CheckStandardizeColumns
CheckStandardizeColumns combines the source language (such as SQL) and functions (see the Functions section) to validate and transform/format/standardize columns of the input table.
- Source, Space, Table - defines the input table.
- Key column - name of a key column (must be unique and not null) in the input table. This parameter is only required if you use at least one Function in Columns.
- Target source, Target space, Target table - defines the name of the result table to be created.
- Columns table contains a list of the result columns.
- Do not pass input columns by default - If unchecked, the result table will contain all columns from the input table plush Columns. If checked, the result table will contain only Columns. In the latter case you can still pass the input columns explicitly if you add a row in the Columns table and enter
<any column>in the Input column field. - Update source table - will update Columns in the source table instead of creating a new table specified in Target.
Defining result columns
Each record in the Columns table represent a column or a group of columns of the result table. The Result column name column defines the name of the column. The Pre expression, Function, Post expression columns are used to compute the value of the result column.

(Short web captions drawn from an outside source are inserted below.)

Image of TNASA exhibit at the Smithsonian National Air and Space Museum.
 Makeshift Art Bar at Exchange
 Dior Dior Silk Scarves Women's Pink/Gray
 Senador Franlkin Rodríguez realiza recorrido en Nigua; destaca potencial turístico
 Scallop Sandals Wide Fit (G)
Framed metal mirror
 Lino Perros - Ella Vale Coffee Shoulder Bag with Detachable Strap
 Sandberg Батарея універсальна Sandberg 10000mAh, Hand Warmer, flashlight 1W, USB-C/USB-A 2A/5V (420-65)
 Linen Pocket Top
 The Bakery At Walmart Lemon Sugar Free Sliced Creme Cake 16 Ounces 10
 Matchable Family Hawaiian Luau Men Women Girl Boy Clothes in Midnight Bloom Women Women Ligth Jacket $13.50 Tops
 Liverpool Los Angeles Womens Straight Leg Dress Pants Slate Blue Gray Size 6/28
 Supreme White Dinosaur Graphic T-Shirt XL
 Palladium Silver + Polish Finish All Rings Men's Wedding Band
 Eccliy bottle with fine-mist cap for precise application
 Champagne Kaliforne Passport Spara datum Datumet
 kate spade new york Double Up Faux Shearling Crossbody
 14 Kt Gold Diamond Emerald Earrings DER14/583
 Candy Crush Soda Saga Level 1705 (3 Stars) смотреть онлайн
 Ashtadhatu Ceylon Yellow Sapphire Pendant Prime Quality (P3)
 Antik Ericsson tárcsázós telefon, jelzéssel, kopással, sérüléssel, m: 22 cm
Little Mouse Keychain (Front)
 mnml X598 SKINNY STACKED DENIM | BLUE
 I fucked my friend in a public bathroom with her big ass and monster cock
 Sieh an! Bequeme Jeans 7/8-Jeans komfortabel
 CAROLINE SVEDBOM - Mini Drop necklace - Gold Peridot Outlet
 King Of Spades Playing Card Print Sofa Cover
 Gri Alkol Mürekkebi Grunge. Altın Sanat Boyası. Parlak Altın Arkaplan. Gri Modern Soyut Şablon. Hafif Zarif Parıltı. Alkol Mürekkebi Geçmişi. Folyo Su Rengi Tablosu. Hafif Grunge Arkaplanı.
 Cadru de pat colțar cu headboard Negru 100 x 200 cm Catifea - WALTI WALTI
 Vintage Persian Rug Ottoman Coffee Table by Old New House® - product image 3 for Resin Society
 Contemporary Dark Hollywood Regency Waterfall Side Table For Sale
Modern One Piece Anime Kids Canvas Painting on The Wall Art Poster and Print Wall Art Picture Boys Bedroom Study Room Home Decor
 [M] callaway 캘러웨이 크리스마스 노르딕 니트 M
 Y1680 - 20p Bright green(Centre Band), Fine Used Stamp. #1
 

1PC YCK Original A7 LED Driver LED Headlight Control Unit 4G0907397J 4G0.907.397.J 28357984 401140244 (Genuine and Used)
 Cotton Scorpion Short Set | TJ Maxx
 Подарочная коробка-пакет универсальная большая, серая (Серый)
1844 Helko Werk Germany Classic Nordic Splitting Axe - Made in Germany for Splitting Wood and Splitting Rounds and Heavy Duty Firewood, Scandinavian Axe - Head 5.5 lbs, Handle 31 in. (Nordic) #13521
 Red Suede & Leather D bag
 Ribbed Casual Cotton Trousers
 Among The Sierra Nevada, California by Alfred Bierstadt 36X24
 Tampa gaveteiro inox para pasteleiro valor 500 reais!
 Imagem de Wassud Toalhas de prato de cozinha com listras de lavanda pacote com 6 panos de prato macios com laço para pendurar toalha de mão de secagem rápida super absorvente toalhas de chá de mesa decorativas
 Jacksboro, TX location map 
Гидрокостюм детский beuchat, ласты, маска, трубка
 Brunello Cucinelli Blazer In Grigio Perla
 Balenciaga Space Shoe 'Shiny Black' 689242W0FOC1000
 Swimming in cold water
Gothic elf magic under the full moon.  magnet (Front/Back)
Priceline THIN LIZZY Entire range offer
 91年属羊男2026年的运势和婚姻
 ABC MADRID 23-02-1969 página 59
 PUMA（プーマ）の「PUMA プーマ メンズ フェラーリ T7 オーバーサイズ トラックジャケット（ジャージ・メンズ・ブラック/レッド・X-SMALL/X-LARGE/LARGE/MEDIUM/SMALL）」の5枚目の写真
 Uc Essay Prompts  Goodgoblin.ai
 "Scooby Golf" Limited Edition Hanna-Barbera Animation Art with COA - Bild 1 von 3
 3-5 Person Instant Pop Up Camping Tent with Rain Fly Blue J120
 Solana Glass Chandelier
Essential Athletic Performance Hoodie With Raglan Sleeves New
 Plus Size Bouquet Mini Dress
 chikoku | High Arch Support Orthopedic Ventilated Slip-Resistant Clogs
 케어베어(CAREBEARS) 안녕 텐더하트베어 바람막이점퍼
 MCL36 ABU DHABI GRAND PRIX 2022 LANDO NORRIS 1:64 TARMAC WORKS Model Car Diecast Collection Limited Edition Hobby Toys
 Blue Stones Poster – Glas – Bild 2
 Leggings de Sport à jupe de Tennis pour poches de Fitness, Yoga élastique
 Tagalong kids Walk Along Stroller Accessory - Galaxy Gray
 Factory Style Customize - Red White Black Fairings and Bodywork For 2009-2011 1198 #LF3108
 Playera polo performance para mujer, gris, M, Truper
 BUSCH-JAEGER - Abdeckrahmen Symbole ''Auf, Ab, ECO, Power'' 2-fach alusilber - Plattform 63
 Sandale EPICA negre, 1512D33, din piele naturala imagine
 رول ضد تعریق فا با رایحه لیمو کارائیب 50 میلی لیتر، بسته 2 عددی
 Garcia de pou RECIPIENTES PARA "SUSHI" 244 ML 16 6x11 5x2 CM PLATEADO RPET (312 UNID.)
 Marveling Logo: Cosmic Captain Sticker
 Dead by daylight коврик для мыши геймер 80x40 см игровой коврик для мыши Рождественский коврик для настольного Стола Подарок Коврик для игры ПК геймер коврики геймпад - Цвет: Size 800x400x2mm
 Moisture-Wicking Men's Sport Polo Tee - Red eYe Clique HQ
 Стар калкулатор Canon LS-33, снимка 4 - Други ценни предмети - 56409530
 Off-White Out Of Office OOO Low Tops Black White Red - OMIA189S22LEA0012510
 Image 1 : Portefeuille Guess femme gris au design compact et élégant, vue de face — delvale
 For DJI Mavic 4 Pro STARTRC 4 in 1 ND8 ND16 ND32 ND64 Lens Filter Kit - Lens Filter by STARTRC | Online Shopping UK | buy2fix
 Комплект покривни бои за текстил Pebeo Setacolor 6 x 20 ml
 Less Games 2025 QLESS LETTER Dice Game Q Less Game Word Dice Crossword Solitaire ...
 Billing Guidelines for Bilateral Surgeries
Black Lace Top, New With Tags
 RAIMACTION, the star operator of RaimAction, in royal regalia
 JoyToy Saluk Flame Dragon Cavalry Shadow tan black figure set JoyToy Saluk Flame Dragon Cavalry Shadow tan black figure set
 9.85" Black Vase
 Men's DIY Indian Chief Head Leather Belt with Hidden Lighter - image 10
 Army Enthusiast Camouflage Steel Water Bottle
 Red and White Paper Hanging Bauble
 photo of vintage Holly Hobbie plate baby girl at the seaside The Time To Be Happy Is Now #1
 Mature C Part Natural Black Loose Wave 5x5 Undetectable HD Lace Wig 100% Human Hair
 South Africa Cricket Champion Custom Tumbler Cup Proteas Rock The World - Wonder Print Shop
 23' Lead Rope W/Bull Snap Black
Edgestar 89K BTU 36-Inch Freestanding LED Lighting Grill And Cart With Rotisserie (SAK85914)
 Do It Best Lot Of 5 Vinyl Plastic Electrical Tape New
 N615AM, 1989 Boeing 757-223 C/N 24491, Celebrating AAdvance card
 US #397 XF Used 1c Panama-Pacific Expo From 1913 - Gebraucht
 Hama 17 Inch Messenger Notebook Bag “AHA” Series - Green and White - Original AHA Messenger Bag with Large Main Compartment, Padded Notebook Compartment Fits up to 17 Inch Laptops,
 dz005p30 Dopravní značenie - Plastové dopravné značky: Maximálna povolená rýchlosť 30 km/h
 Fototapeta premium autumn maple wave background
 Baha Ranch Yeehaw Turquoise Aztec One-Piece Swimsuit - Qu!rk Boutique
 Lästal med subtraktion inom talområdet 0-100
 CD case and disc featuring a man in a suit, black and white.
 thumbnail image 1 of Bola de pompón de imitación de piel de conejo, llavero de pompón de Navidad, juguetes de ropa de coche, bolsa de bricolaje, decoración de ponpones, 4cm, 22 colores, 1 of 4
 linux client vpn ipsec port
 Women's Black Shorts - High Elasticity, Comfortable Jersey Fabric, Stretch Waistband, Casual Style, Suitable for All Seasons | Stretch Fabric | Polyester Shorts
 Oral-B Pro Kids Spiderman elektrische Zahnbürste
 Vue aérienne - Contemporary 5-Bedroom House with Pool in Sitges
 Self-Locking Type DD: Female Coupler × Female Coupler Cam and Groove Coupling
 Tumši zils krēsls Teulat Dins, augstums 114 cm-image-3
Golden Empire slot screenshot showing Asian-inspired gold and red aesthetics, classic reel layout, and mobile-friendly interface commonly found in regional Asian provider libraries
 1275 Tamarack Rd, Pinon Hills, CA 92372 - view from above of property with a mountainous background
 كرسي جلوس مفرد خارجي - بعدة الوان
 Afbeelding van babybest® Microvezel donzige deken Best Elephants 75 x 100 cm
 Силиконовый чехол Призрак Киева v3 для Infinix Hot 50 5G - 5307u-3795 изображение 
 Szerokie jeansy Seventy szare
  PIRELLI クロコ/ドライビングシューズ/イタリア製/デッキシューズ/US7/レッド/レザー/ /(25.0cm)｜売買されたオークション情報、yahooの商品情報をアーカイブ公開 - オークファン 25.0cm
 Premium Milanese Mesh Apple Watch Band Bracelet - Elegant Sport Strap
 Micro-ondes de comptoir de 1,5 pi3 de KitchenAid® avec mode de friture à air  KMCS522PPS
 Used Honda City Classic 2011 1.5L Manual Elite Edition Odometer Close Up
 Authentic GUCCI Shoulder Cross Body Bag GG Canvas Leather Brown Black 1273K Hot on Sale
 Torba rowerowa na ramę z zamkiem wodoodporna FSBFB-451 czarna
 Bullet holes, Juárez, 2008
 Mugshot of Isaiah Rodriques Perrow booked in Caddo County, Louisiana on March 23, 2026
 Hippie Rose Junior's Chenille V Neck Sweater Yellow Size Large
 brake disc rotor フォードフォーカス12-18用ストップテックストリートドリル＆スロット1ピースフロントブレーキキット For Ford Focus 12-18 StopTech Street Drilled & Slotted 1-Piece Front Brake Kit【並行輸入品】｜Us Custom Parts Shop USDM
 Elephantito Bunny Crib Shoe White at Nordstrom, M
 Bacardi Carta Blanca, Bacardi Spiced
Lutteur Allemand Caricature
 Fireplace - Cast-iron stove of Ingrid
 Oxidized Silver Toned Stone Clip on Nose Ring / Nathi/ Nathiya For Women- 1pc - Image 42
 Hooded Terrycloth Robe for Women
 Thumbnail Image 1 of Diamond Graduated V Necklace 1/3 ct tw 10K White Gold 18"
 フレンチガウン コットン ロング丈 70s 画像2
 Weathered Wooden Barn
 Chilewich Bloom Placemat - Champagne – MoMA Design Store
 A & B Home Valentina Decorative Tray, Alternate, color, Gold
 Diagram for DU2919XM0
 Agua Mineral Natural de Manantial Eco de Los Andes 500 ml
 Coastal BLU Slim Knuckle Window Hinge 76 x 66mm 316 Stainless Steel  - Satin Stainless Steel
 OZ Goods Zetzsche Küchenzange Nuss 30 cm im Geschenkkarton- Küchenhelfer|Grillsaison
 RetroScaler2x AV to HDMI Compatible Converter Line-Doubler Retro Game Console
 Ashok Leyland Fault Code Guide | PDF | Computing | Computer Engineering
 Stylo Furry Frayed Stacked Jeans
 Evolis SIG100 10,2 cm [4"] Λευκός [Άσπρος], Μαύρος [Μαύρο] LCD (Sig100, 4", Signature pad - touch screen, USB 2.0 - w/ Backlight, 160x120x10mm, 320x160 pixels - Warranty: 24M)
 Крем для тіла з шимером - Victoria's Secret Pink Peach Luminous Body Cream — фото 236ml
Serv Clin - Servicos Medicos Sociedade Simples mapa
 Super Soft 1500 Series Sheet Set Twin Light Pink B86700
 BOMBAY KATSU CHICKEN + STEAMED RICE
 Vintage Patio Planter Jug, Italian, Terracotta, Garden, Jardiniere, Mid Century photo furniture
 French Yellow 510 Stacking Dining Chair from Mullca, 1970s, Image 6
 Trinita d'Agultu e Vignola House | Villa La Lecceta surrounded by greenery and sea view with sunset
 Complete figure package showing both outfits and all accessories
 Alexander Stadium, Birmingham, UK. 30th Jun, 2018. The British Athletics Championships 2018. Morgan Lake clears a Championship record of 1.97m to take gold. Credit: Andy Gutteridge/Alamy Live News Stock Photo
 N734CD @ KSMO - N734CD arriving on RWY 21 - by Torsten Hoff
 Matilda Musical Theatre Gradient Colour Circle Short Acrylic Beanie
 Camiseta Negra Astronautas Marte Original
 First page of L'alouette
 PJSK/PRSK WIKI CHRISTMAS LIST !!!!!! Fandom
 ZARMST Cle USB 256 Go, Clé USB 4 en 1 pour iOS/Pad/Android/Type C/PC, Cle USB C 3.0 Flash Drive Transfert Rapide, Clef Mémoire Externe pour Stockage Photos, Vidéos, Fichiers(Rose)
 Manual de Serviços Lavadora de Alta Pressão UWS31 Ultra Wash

Result column name, Pre expression, Post expression can refer by
${col_name} to a column of the input table specified in the Input
column column.
The Input column column can have the following values:
-
Select
<any column>to copy all columns from the input table. -
<expression>used when expressions do not need to refer to a column from the input table. -
name of a column in the input table.
Standardization allows you to combine the power of the source query language (usually it is SQL), in which Pre expression and Post expression are specified, with the Java functions that you specify in the Function column. When Function is specified for at least one column then a round trip of data from the source to InfoLink instance and back is required. So there is a performance penalty for using functions that still can be negligible in practice. For your understanding, below we describe how standardization works in presence of any Function and without them.
When Function is used at least for one column, the value of the
result column is computed as follows. First Pre expression for all
columns are computed in the source database as a single query. You can
refer to the input column from Pre expression using a string
literal ${col_name}. InfoLink iterates over the result of the
query and applies the corresponding Function to each columns. The
result of the function application is stored to the source as temporaty
table. Then another query is evaluated to evaluate Post expression for
each column. You can refer to the result of function application from
Post expression using a string literal ${col_name}.
When Function is not used for any column, the whole operation is
executed as a single query in the source. First Pre expression is
evaluated then Post expression is evaluated for each column. You can
refer to the input column from Pre expression using a string
litteral ${col\_name}. You can refer to the result of Pre
expression from Post expression using a string literal
${col\_name}.
The following Functions are supported:
- pre-built functions specified in the Functions -> “Prebuilt functions” section.
- user-defined functions as described in the Functions -> “User-defined functions” section.